Furthermore, it was evaluated by elemental analysis of the cured layer of the resin whether or not an element having a 7-valent electron was detected. The quantitative results are shown in Tables 2 to 7 below.

The measurement method used will be described below.

(1) Refractive index of the cured resin layer

In order to evaluate the refractive index of the cured composition, the composition was coated on a PET film on which a metal plate having a flat surface was placed, and then pressurized to have an overall thickness of 20 μm. Thereafter, an electrodeless ultraviolet irradiation system (600 W/inch, sold by Fusion Co., Ltd.) equipped with a D-type bulb was used, and the outer surface of the PET film was irradiated with an energy of 700 mJ/cm ² , and then the metal plate was peeled off. The refractive index of the composition solidified on the PET film was measured using a refractometer (sold by ATAGO ABBE, Japan, model: IT), and the light source used was a D-line type sodium lamp having a wavelength of 589.3 nm. The refractive index was measured at a temperature of 25 °C.

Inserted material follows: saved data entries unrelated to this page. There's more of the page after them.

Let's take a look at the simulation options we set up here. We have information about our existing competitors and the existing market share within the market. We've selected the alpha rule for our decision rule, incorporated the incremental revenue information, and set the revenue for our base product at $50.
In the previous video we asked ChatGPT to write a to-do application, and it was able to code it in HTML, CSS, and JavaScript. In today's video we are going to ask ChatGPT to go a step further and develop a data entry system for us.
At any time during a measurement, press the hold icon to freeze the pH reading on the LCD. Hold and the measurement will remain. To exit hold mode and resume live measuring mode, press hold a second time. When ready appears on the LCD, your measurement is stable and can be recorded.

(2) Adhesion force (number of separation matrix sheets / 100)

The composition for a cured resin layer of each of Examples 1 to 2 and Comparative Examples 1 to 2 was coated on a transparent PET film, and a metal plate having a flat surface was provided thereon, and then pressurized to change the overall thickness thereof. 3 μm. Subsequently, A curing step is performed to remove the metal plate, after which only the cured layer having a specific thickness is cut into a matrix sheet having an area of 10 mm x 10 mm squares, and then the tape is adhered thereto and then the tape is vertically pressed with a strong force. The ground is peeled off from the adhesive surface, and the number of the stripped matrix sheets is calculated.

(3) Brightness

The two optical films of the foregoing Examples 1 to 4 and Comparative Examples 1 to 2 were mounted orthogonally to each other to a backlight module for a 17-inch LCD panel (sold by Heesung Electronics Co., Ltd., model: LM170E01), and a luminance meter was used. (Japan TOPCON company sales, model: BM-7) Randomly measure the brightness value of 13 points and average them.

(4) Elemental analysis

Elemental analysis was performed using an ion chromatograph.

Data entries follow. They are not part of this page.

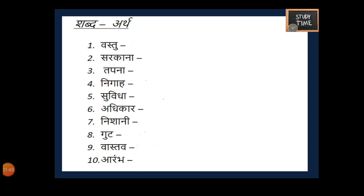Next, Shabda Artha — here you have to write meanings for the given words. I will give 30 seconds time. The time starts now.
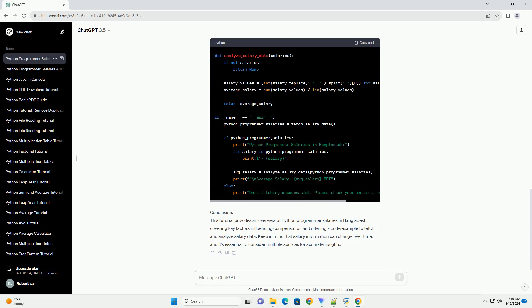Conclusion: This tutorial provides an overview of Python programmer salaries in Bangladesh, covering key factors influencing compensation and offering a code example to fetch and analyze salary data. Keep in mind that salary information can change over time, and it's essential to consider multiple sources for accurate insights. ChatGPT.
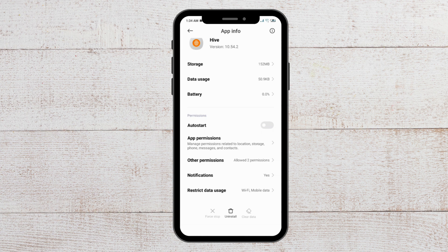If you are using iPhone, then go to General, then find the Hive app on your phone and tap on it. Then go to iPhone Storage, then do Offload App, and then go to reinstall the Hive app again from the App Store.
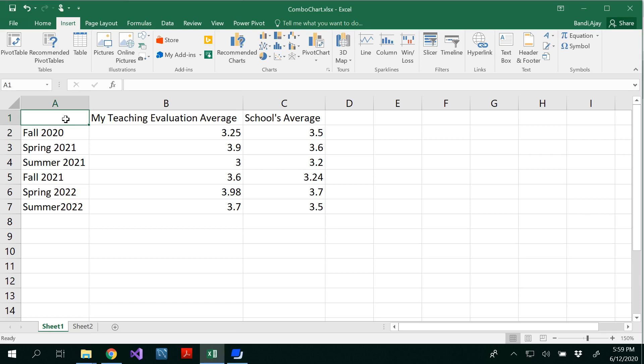A combo chart is basically a combination of different types of graphs. So here I have data of the semester starting from fall 2022, summer 2022. And this is my teaching evaluation average. And this is school's average.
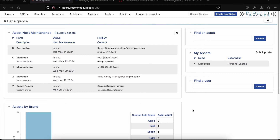Hi, I'm Jim Brandt with Best Practical. You might be familiar with Request Tracker and how it uses tickets to track all kinds of different tasks, from help desk requests to project management to software development. What you might not know is every Request Tracker instance comes with full asset tracking functionality included. Today in this video we're going to go through some of the asset tracking features to give you an idea of what they look like.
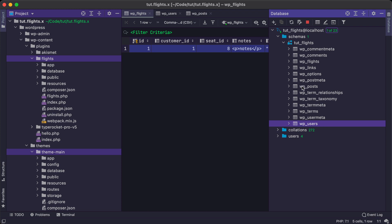And these three tables, the post table, the flights table and the users table will be used in this tutorial series. And here we can see we have a record in the WP flights table where we have an ID of one for it, customer ID of one and seat ID of one.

As shown in Table 1, an optical sheet having a resin cured layer satisfying a specific range of refractive index and not containing a valence electron element can achieve appropriate brightness, and further, after the curing step, the cured layer of the resin is applied to the base layer. Adhesion is even better.

Examples 5 to 21 and Reference Examples 1 to 2

Using a composition as described in Tables 8 to 10 below and a composition ratio, a photopolymerizable composition was separately prepared and applied to a concavely engraved three-dimensional structure having an effect of improving brightness by a conventional method. Layer) on the frame. The outer surface of the transparent base film is irradiated with an ultraviolet light source in a state where one surface of a transparent base film (PET film) is in contact with the surface of the coated frame, whereby the composition which has been applied to the frame is photocured. Thereafter, the coating layer which has adhered and has been cured on the transparent base film is separated from the frame, thereby producing a ruthenium film in which a resin cured layer is formed on one surface of the transparent base film.

Regarding the ultraviolet irradiation system, an electrodeless ultraviolet irradiation system (600 W/inch, sold by Fusion Co., Ltd., USA) equipped with a D-type bulb was used, and the ultraviolet energy of irradiation was 900 mJ/cm ² .

The following Tables 8 to 10 are various ratios of a liquid composition containing a crosslinkable compound as a photocurable monomer and represented by Structural Formula 1, and a photosensitizer. However, this merely illustrates and discloses the refractive indices of various compounds represented by Structural Formula 1, that is, the liquid composition may contain other components known to those skilled in the art and additive.

The evaluation methods of these examples will be detailed below.

(1) Refractive index of the composition

The refractive index of the composition was measured using a refractometer (sold by ATAGO ABBE, Japan, model: IT), and the light source used was a D-line type sodium lamp having a wavelength of 589.3 nm. The refractive index was measured at a temperature of 25 °C.

(2) Refractive index of film after curing

In order to measure the refractive index of the composition after curing, the composition was coated on a PET film on which a metal plate having a flat surface was placed, and then pressurized to have an overall thickness of 20 μm. Thereafter, an electrodeless ultraviolet irradiation system (600 W/inch, sold by Fusion, USA) equipped with a D-type bulb was used, and the outer surface of the PET film was irradiated with an energy of 700 mJ/cm ² , and then the metal plate was peeled off. The refractive index of the composition solidified on the PET film was measured using a refractometer (sold by ATAGO ABBE, Japan, model: IT), and the light source used was a D-line type sodium lamp having a wavelength of 589.3 nm. The refractive index was measured at a temperature of 25 °C.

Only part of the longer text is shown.